Wherever a line in the data below holds "Disney", copy that line.
*** Begin section ***
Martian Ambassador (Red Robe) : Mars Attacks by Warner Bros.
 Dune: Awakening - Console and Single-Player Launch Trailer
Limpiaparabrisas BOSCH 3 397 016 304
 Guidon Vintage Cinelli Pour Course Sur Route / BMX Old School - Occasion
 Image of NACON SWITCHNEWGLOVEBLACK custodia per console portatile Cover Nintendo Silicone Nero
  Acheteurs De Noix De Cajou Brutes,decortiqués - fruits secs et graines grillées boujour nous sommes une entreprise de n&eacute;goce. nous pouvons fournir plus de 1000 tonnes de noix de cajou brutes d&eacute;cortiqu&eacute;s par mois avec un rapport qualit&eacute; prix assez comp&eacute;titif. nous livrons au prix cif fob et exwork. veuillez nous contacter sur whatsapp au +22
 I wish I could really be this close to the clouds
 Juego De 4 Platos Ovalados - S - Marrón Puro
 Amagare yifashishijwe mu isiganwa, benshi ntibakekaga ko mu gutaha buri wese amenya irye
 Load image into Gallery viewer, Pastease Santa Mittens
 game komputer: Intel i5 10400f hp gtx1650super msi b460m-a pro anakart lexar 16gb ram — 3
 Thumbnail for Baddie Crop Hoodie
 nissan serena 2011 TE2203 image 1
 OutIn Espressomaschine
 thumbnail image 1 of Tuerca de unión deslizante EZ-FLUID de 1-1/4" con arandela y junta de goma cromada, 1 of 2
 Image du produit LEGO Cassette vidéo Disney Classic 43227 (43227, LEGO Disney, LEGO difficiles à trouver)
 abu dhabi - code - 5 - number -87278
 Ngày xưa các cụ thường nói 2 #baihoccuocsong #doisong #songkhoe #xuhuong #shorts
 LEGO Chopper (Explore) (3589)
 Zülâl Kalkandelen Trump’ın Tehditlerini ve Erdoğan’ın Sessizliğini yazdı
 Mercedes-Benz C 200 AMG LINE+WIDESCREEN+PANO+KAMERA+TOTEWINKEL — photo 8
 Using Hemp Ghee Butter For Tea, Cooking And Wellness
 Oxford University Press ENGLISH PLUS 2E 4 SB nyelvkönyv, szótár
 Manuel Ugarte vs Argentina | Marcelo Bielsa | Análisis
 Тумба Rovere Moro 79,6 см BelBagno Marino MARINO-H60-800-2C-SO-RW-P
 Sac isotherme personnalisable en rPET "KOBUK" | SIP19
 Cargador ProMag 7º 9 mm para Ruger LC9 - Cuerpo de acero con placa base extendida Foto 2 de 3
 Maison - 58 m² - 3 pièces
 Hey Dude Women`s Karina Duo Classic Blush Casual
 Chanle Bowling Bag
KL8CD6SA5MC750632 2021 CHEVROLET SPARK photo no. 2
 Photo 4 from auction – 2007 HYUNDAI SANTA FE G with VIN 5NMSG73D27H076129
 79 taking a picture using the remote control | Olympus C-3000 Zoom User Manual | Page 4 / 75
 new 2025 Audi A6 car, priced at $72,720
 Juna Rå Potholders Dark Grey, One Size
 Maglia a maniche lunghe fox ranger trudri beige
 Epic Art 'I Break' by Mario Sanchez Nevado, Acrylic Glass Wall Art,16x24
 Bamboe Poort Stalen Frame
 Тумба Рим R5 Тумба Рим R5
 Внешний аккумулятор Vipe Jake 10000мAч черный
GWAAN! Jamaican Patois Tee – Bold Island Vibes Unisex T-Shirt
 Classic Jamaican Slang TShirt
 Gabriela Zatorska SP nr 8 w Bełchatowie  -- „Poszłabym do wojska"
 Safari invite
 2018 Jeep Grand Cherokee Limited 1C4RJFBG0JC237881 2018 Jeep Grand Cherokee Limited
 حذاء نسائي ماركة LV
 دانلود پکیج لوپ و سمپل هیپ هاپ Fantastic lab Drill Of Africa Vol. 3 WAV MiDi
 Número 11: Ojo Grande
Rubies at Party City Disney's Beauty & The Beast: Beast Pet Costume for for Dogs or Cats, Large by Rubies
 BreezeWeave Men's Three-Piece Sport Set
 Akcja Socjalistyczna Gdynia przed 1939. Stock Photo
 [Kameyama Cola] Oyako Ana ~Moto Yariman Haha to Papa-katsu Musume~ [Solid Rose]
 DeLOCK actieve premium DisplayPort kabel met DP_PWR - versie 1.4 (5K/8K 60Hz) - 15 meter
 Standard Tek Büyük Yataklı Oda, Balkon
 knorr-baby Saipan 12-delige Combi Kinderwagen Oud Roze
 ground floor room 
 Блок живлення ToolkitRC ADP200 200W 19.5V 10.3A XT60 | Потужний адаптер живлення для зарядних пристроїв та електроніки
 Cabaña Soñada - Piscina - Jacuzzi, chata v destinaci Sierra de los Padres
*** End section ***
■ **Result for this task**:
 Image du produit LEGO Cassette vidéo Disney Classic 43227 (43227, LEGO Disney, LEGO difficiles à trouver)
Rubies at Party City Disney's Beauty & The Beast: Beast Pet Costume for for Dogs or Cats, Large by Rubies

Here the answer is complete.